# Hello & Introducing myself



## ashrafsabry (Jun 30, 2010)

hello 
my name is ashraf sabry


----------



## MaidenScotland (Jun 6, 2009)

ashrafsabry said:


> hello
> my name is ashraf sabry




Hello Ashraf and welcome to the forum

Maiden


----------



## Horus (Sep 17, 2010)

Hi and welcome aboard


----------



## seawind77 (Oct 2, 2010)

Hello also,

But i want to ask one thing. I am following this forum from Google reader and want to learn why this message modified or edited or by who ? in the original message he is also writing his profession but when i entered the forum i saw this part was omitted. anyone idea ? (Just curious)


----------



## MaidenScotland (Jun 6, 2009)

seawind77 said:


> Hello also,
> 
> But i want to ask one thing. I am following this forum from Google reader and want to learn why this message modified or edited or by who ? in the original message he is also writing his profession but when i entered the forum i saw this part was omitted. anyone idea ? (Just curious)

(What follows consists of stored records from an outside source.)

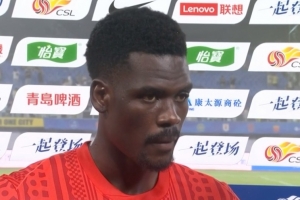 让·克劳德：我能踢多个位置，包括中卫，红牌几乎终结了比赛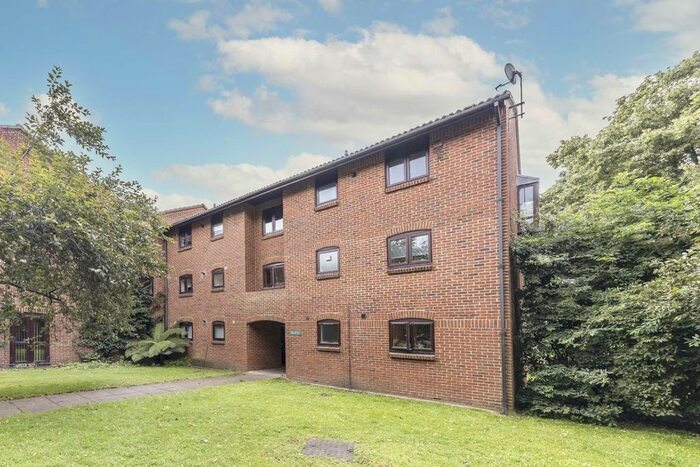 2 Bedroom Flat To Rent In Claremont Grove, London, W4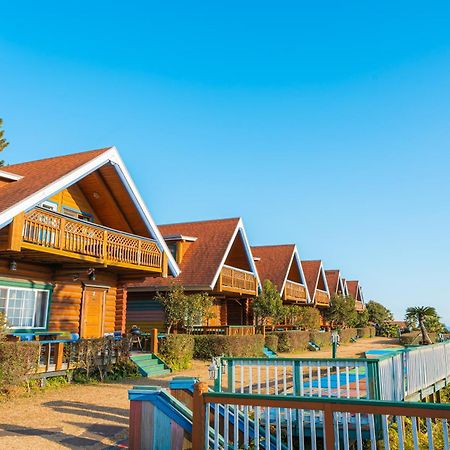 Jungmun Log Pension & Resort Seogwipo Exterior photo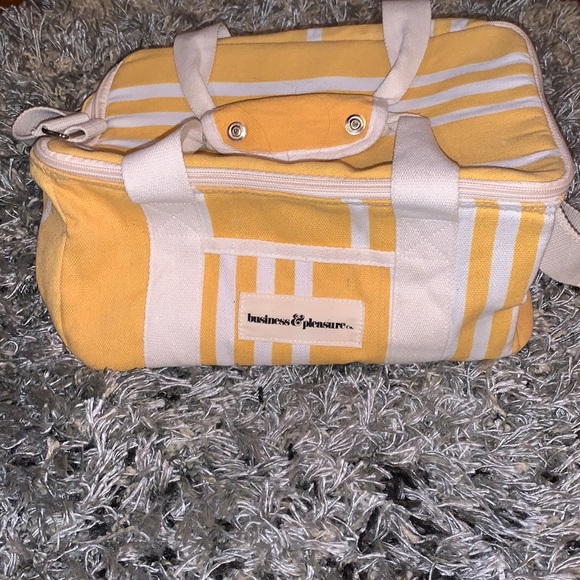 Business & Pleasure co. Holiday Cooler - Picture 6 of 16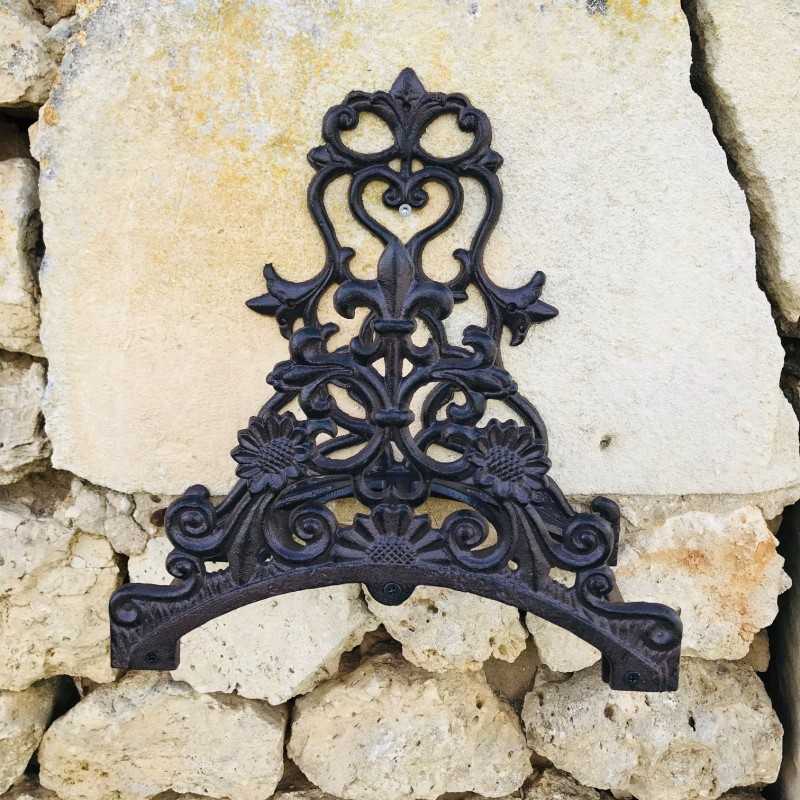 Wall-Mounted Cast Iron Hose Holder in Brown, Height 31cm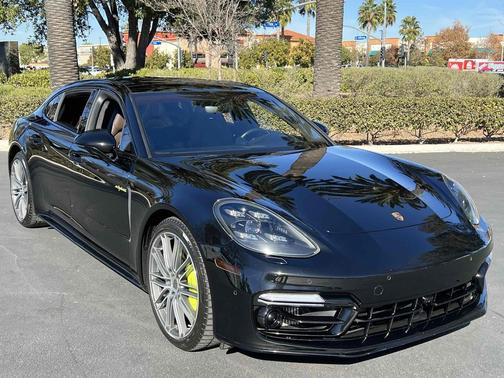 2019 Porsche Panamera Turbo S Executive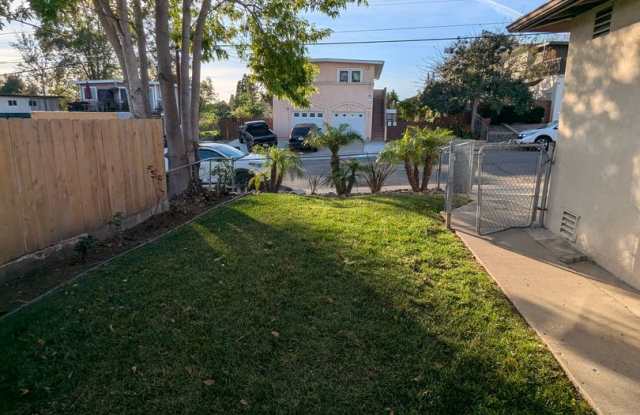 2 Bedroom / 1.5 Bathroom plus bonus room Home in La Mesa Gallery 3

I deleted the original message...as you are not allowed to promote yourself.. giving his occupation was really and advert.


Maiden


----------



## MaidenScotland (Jun 6, 2009)

Horus said:


> Hi and welcome aboard




Just as well you edited your original post, however I saw it as did the original poster.

Think before you post!!!!


----------



## Horus (Sep 17, 2010)

MaidenScotland said:


> Just as well you edited your original post, however I saw it as did the original poster.
> 
> Think before you post!!!!


Maiden your powers of observation never cease to amaze me

I bet your finger was hovering above the infraction button for the full 9 mins and 57 seconds until I pressed edit 

However I bet during that time you did chuckle at that little gem and thought here we go again


----------